1920s >> 1929 >> no-294-february-1929

Imagination

The year 1929 is the most tremendously important year the world has ever seen. Perhaps that is an over-statement. It could be the most profoundly momentous year the human race has experienced. This year that portion of humanity which inhabits the British Isles will be asked to decide whether it wishes the reign of King Capital to continue or that it should come to an end. The preliminary call has gone forth, and those who say it should end and a saner system established have banded themselves together in an organisation called the Socialist Party.

We cannot, honestly speaking, say that the response has been overwhelming. Had it been of sufficient magnitude, the year 1929 could have been the most epoch-making year in the history of mankind. It has been said that the discovery of fire was the greatest event in human affairs. The invention of printing has also been described as a tremendous human achievement. A similar claim has more recently been made on behalf of wireless telephony. Now, without indulging in the fascinating discussion of these highly interesting topics, we can agree that they had one feature in common, a feature which marks them off from the great discovery of Socialism. Each of them was demonstrable by their discoverers to a less favoured or less imaginative audience. For, one must confess, the quality of imagination is comparatively rare.

Even nowadays, when we are surrounded by the fruits of human imagination and inventiveness, the response to an imaginative appeal, unless purely emotional, is usually disappointing. Even in a comparatively small event, like the Daylight Saving, one has to admit that vast numbers of one’s fellows had to be kicked into acquiescence. Those who have read Elia’s “Dissertation on Roast Pig” will remember that the discoverer of that delicacy was viewed with great disfavour—until people had tasted the new dish.

One can imagine the original discoverer of the uses of fire having a most unpleasant time, denounced as a trafficker with unclean spirits, as a dealer with mysteries, as a wizard, and what not, until his more stolid contemporaries were convinced by personaI trial that there was “something in it.” Coming nearer our own time, one remembers the scorn which greeted the first bicycles, the first motors, the first aeroplanes, the first wireless. It was not until repetition and perseverance had made these things familiar that mankind in general accepted them. But here, as in everything so far, demonstration was possible for the conversion of the unimaginative many.

The profound difficulty with Socialism is that it cannot be demonstrated. It is a complete system of human society to which a new principle is to be applied. Many enthusiasts with an insufficient knowledge of their subject have endeavoured to found little communities, run as they thought on Socialist lines. All have failed, for Socialism can only be applied to a highly organised community, and on a large inclusive scale. It is not a principle applied to simple forms, such as Monarchism or Republicanism. It is a complete change in the basis of society.
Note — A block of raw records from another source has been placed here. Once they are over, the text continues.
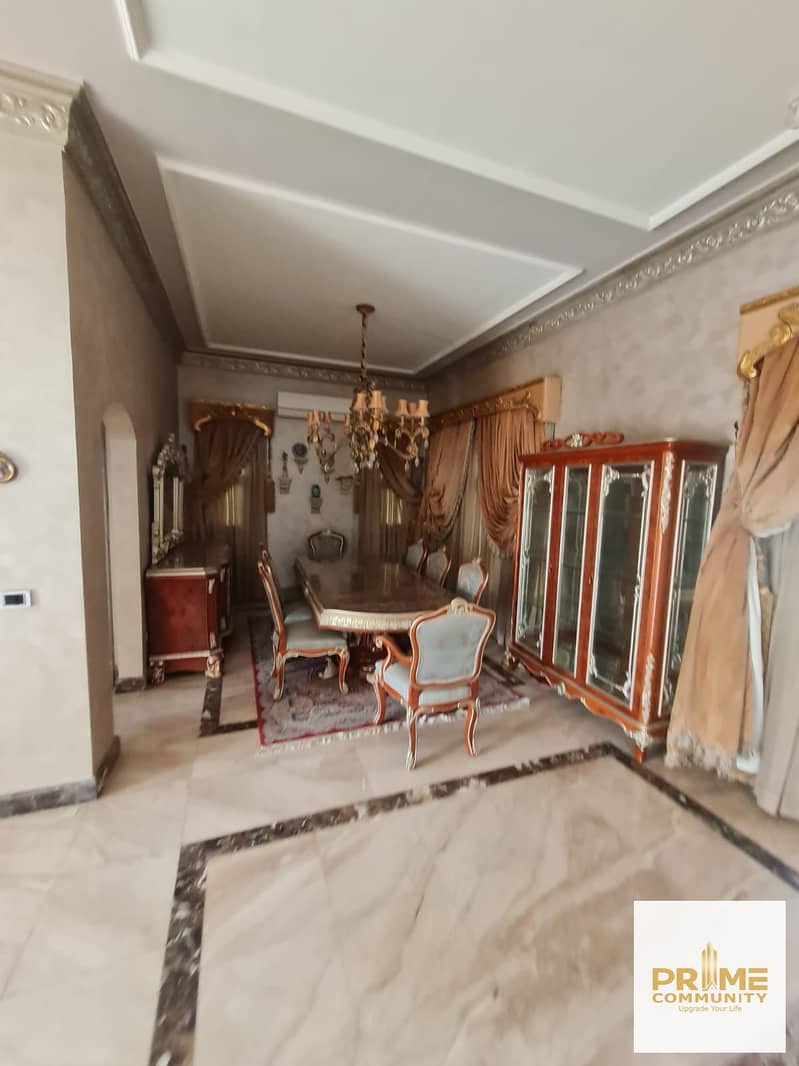 3 WhatsApp Image 2025-12-03 at 17.53. 33_2e4a21b0. jpg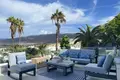 3 bedroom villa  Miraverde, Spain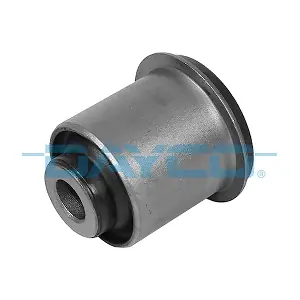 DSS2092 DAYCO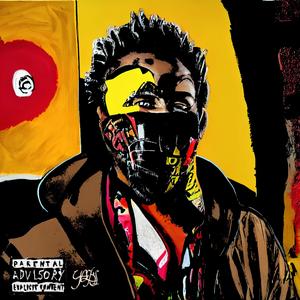 Married To The Game (feat. Sofia)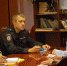 DSC_3516.jpg - Администрация Даниловского р-на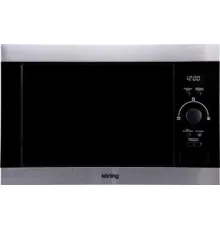 Микроволновая печь Korting KMI825XN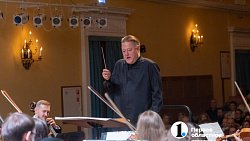 Значит, музыка идет к тебе! Челябинская филармония обсуждает внедрение новых форматов взаимодействия со зрителем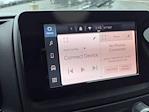 New 2025 Ram ProMaster 2500 High Roof Empty Cargo Van for sale #SE500848 - photo 25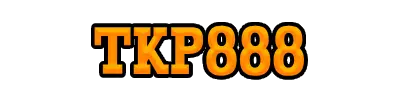 TKP888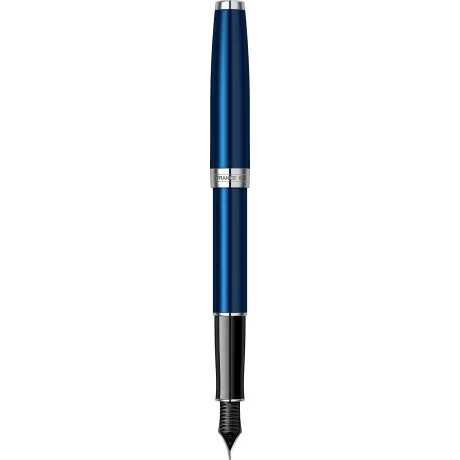 Stilou Parker Sonnet Royal Blue PDT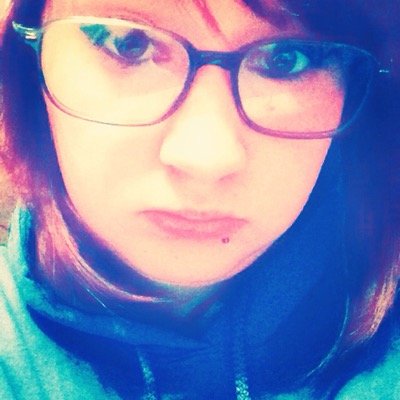 brittmarissa1's profile picture. yo im brittney taken by austin jimerson 6/22/14 until forever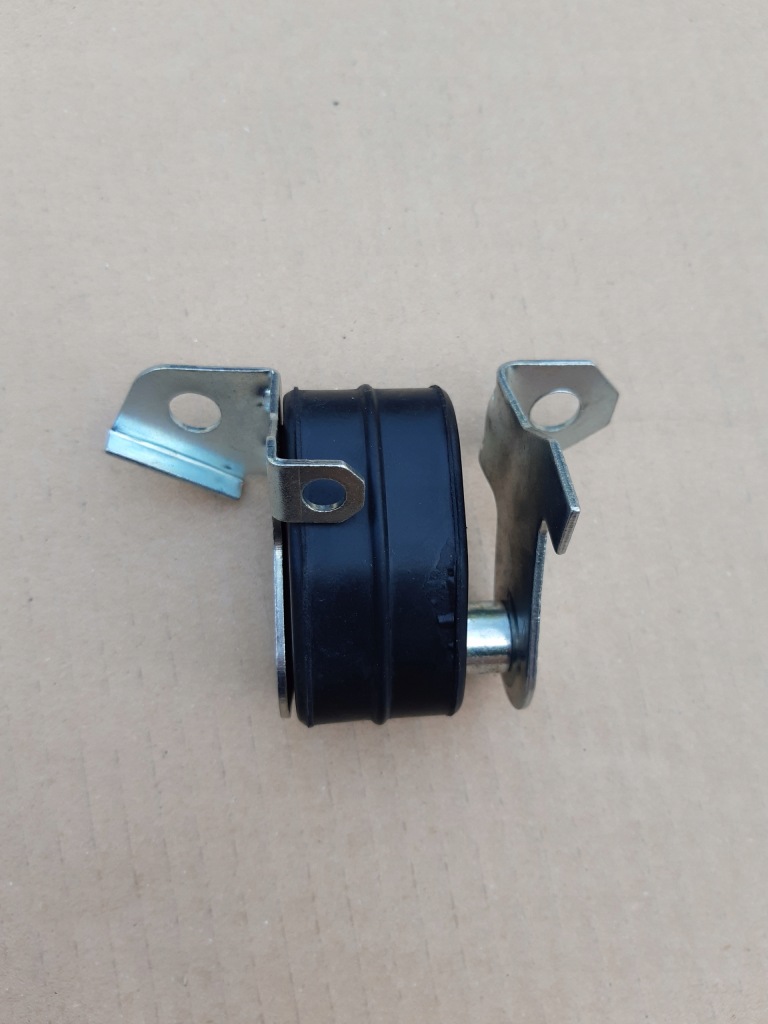 Кронштейн глушника vw a6 05- 2,0tdi/ tfsi fa1 113-978 Доставка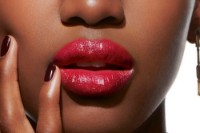 Помада для губ Christian Dior Addict Stellar Shine 859 Diorinfinity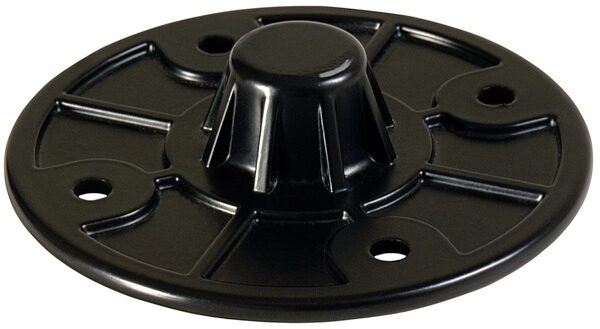 On-Stage SAA20M M20 Speaker Cabinet Adapter, New, Main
It is therefore impossible to show samples, as it were, of a complete and fundamental change.

Socialism and Capitalism are mutually exclusive, although, curiously enough, each deals with the same things. Railways would still run, factories still work, power stations still function, the soil still be tilled, under Socialism as under Capitalism. The great difference would be ownership, and therefore control.

Instead of being operated by the whole people, for the private benefit of private owners, they would still be operated by the whole people, but for the public benefit of the communal people. Private owners only employ just so many as they can profitably make use of. Private owners only allow their plant to produce wealth when a profit is to be made. In short, private owners of the means of wealth-making only allow their machine to run for private ends.

But with social ownership the outlook is entirely changed. There would be no idlers of any sort, rich or poor, for it would be to the interest of everyone that there should be abundance of everything. There would be no slack times and semi-starvation because too much wealth had been produced, as at present.

If, under Socialism, too much wealth were produced, it would be, first, the signal for a real holiday, and, second, for an enquiry into why the Statistical Department had not properly adjusted supply to public needs. There would be no rubbishy boots, shoddy clothing, jerry-built houses and adulterated food. The market for trash would go the way of all markets. It would follow poverty and ignorance into the limbo of forgotten Capitalism.

But if the workers are waiting to be shown a working model of the proposed new system they are waiting for the impossible. A picture of society under Socialism can only be constructed by the imagination aided by an analysis of our present condition and a knowledge of human history. Clever men have performed both of these latter tasks, and references to them and their works are frequently given in our columns. Imagination they cannot give you, but they can stimulate it.

A useful primer is our little pamphlet called “Socialism,” forty-eight pages packed with information for twopence. If after reading that you decide that Socialism is desirable and practicable, do not fold your arms and wait for something to happen, but do the only logical thing—join our organisation and help get it. Then when, as in a few months’ time, the question is again staged, “is Capitalism to go on or go under?” be prepared to answer : “Under !” And being organised, you will be able to put Socialism in its place. What have you to lose? Nothing but your chains. To win? The whole world ! You have a world to win. A world to win.